Nowhere to retreat, you have to advance, his military mind yelled at him.
He squeezed the trigger and started spraying lead at the startled beasts as he ran straight ahead into the fire.
“You’ve got me surrounded, you poor bastards!” he cried out to the encircling wolves, flames licking at his boots.
He ran right through the burning embers, straight for the jeep. In the clear at last, two of them snapped at his trousers, but he already had one foot planted inside the vehicle. He grabbed the swivel-mounted fifty and started spraying at everything that moved. He killed and killed, and still they came. More wolves emerged into the clearing, new arrivals attracted by the noise and the smell of blood and the fear. They leaped up at him and he dropped them in midair with quick bursts of concentrated fire.
And still they came.
Worried that his ammo was running out, he grabbed his sidearm and started firing with that, too…

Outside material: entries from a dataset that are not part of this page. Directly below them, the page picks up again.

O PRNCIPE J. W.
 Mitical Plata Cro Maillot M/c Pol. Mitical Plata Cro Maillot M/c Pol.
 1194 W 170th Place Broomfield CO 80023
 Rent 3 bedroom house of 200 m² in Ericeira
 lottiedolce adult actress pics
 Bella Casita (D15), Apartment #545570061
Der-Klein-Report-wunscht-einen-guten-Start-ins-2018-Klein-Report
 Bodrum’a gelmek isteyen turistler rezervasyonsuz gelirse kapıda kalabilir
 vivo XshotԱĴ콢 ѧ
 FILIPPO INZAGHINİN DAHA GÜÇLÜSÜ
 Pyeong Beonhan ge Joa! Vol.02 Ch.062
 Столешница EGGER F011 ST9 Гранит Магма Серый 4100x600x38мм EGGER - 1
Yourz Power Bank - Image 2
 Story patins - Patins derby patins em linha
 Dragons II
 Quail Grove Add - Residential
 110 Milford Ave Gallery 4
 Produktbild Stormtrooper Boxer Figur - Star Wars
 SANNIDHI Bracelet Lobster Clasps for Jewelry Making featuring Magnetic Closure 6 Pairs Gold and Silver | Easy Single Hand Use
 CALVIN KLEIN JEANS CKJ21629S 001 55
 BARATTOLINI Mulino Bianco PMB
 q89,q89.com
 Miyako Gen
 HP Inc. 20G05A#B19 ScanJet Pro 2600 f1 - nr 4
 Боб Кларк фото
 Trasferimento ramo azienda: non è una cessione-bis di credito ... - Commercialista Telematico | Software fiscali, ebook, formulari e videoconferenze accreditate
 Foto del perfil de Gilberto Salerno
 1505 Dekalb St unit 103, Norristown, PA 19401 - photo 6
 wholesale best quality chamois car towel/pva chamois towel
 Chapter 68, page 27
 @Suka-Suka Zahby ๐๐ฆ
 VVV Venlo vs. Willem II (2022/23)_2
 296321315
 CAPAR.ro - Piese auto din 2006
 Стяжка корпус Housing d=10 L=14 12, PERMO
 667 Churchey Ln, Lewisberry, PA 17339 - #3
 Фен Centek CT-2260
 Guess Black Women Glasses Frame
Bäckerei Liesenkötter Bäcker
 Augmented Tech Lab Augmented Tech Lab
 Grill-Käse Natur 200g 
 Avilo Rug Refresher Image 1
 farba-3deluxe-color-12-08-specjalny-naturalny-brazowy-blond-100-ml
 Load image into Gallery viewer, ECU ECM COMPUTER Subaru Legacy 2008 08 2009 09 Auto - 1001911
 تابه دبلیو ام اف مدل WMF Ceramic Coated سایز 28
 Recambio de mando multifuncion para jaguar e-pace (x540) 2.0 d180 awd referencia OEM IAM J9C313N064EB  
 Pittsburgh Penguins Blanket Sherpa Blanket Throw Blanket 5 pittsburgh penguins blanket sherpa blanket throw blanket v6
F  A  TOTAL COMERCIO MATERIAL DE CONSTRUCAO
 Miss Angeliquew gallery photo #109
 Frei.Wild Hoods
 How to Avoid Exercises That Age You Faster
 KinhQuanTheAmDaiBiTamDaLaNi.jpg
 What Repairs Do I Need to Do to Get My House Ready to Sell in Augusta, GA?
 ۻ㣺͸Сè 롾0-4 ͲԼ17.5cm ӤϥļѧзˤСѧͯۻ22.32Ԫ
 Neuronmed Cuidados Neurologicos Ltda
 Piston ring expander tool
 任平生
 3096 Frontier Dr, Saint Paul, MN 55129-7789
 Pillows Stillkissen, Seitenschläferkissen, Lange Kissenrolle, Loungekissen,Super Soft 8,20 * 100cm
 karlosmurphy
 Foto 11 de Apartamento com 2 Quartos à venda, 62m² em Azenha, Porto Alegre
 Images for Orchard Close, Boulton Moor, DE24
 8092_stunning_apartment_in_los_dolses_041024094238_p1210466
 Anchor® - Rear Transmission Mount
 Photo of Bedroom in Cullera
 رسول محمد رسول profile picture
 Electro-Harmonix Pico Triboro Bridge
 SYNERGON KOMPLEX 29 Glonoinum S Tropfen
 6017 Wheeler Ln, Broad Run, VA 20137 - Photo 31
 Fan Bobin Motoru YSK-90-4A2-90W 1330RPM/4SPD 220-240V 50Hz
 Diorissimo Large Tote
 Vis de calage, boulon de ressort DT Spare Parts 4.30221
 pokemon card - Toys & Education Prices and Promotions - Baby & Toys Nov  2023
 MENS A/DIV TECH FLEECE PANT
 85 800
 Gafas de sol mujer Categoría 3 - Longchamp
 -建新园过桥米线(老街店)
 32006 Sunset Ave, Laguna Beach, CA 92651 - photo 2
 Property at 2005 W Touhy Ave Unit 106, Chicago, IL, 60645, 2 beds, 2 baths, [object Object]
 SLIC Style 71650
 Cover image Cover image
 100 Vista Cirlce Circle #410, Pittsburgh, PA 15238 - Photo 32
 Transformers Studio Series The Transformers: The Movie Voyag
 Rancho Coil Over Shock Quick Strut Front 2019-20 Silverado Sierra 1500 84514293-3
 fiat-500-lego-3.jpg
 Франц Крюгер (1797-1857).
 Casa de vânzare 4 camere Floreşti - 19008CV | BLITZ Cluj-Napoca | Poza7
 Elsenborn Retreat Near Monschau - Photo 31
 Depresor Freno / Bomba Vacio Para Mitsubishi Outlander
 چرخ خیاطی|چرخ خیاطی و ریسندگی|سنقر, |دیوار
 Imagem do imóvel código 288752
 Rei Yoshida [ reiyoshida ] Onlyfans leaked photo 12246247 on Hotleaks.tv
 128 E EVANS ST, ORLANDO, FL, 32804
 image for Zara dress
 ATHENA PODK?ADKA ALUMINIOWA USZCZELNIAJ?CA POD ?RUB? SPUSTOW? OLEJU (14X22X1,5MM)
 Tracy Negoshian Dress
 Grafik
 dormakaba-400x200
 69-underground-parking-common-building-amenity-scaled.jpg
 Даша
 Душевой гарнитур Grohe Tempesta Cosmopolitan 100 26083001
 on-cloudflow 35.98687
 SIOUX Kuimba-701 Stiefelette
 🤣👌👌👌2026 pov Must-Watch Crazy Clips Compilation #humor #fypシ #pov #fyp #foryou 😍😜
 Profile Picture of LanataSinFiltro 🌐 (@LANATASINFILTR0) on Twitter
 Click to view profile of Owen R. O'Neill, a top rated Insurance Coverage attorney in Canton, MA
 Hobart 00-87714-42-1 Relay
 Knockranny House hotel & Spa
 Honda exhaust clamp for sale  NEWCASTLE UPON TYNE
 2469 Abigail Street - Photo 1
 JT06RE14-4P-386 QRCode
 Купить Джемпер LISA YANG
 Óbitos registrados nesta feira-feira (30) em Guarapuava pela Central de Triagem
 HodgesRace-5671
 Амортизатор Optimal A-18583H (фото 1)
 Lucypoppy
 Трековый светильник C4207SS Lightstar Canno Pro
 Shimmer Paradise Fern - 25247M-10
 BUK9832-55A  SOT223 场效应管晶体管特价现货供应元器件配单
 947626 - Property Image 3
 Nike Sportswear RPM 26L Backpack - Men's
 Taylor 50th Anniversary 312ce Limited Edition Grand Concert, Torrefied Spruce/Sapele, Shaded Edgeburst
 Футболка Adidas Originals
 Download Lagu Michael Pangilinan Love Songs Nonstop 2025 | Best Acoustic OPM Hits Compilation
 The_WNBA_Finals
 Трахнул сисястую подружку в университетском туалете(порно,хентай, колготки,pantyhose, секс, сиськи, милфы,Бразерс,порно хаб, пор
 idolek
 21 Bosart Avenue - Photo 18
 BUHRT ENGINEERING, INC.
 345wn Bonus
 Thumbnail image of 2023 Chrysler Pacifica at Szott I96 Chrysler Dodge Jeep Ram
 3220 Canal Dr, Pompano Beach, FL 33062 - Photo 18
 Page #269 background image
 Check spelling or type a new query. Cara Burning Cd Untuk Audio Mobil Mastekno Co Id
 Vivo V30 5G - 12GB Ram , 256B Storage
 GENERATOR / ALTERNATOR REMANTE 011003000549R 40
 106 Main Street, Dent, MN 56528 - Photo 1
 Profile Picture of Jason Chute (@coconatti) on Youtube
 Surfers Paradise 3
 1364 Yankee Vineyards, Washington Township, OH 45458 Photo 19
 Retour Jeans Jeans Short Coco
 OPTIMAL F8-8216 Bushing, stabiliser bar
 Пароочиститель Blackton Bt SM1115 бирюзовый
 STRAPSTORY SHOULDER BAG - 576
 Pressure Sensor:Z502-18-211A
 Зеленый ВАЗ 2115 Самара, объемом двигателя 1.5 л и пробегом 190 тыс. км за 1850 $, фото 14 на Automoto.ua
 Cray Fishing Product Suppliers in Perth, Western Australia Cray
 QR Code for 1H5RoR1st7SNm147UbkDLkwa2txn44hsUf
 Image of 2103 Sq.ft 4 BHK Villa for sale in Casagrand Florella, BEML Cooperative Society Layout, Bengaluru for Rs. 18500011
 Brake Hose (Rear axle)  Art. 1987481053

And just that quickly, it was over.
Dark humps and blood-soaked piles of dead wolves lay everywhere he looked around the campfire. He climbed down from the jeep and surveyed the scene. The ones who’d survived now slunk off back into the forest. Would they rally the troops and mount another attack?
He looked at his watch.
Another two hours till daylight. Colonel Beauregard lit a cigarette, smiled grimly in the darkness, and reloaded his weapon. In the morning he’d bury Tolstoy. Then he’d crank up the jeep and cross the border into China. Captain Koczak would meet him at the rendezvous coordinates and they’d begin deploying the Vulcan weapons system.
Meanwhile, he’d developed a taste for wolf blood. He heard some movement two or three hundred yards away. He jammed a cigarette between his lips and lit up, smoking furiously to get the nicotine rush.
“Bring it, you bastards,” he said softly. “Bring it.”